Bombardier and Embraer are both turning to their corporate jet divisions for growth after shedding control of their commercial aviation programs.
"It's more space, and more performance (than competitors) with similar cost and operating cost," Mischa Loeffler, manager for product planning at Bombardier Aviation told Reuters at Monday's unveiling of a mock-up model of the plane for the news media. The unveiling came ahead of the world's largest business jet show, which kicks off on Tuesday.
The soft-selling Learjet, Bombardier's smallest business aircraft, is now trailing Embraer's market-leading Phenom line, according to industry data.
Montreal-based Bombardier is expanding its offering of higher-margin, large-cabin business jets, with the launch of the Global 7500, 6500 and 5500 to compete with top-of-the-line models from rivals Gulfstream and France's Dassault Aviation.
In its latest forecast, Honeywell is expecting up to 7,600 new business jet deliveries worth $248 billion from 2020 to 2029, fueled by demand from corporate flight departments and the introduction of new models.
After years of tepid demand, and analyst speculation that the Learjet line was up for sale, Bombardier sees the lower-priced Liberty as a strategy to boost demand in a market dominated by lower-priced jets from Brazil's Embraer, Textron's Cessna and Pilatus Aircraft.
According to the latest shipment data from the General Aviation Manufacturers Association (GAMA), Embraer delivered 27 Phenoms during the first half of 2019 compared with four Learjet deliveries for Bombardier.
Jay Beever, vice president for design operations at Embraer Executive Jets, told Reuters the Learjet was part of an "industry sparring match," which he said would benefit customers with improved designs.

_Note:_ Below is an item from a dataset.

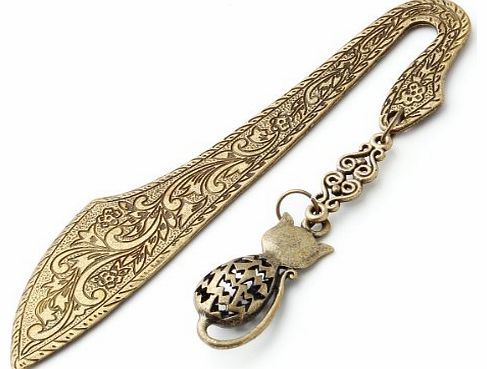 Yevita Bronze Vintage Bookmark with Ornament Fashion Cat Hollow Body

The Learjet 75, which seats up to seven, listed in 2018 for $13 million compared with just over $9 million for the Phenom.
Bombardier has lowered the Liberty Learjet's list price to $9.9 million this year, by removing once standard equipment like the auxiliary power unit (APU).
"At the end of the day, it is a combination of ownership plus operating costs and dispatch reliability that are of particular importance to owners (and) operators in this part of the market," said aviation analyst Rolland Vincent.
But cutting the price could hurt residual values of the Learjet 75, which already lose more than half of their value after five years, according to industry pricing data, he warned.
Analyst Richard Aboulafia said the Liberty Learjet would help keep the line viable but added that it was unlikely to win a big chunk of the market back from Embraer.
The "Phenom 300 looks safe," Aboulafia said.